_DIRECTIONS FOR THIS TASK_
Would you repeat exactly the part of the listing below that runs from the line containing "VASO NICOLE IN VETRO LUSTRO TORTORA (h.17cm)" down to the line containing "Nalia Outdoor Wooden", inclusive, and nothing else?

_ENTRIES SUPPLIED_
►
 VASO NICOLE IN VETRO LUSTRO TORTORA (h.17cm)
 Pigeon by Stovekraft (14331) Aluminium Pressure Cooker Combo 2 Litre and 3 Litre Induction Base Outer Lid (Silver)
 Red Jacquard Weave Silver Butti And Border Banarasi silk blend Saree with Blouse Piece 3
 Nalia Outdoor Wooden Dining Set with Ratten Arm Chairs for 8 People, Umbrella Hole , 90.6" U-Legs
◄
►
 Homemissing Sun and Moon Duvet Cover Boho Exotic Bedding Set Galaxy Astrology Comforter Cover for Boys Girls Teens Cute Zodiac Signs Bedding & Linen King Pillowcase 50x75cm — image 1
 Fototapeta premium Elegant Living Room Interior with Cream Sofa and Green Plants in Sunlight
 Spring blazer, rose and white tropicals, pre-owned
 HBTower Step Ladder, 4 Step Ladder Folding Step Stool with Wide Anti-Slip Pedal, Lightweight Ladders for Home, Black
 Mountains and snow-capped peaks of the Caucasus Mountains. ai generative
◄
_TASK ANSWER_
 VASO NICOLE IN VETRO LUSTRO TORTORA (h.17cm)
 Pigeon by Stovekraft (14331) Aluminium Pressure Cooker Combo 2 Litre and 3 Litre Induction Base Outer Lid (Silver)
 Red Jacquard Weave Silver Butti And Border Banarasi silk blend Saree with Blouse Piece 3
 Nalia Outdoor Wooden Dining Set with Ratten Arm Chairs for 8 People, Umbrella Hole , 90.6" U-Legs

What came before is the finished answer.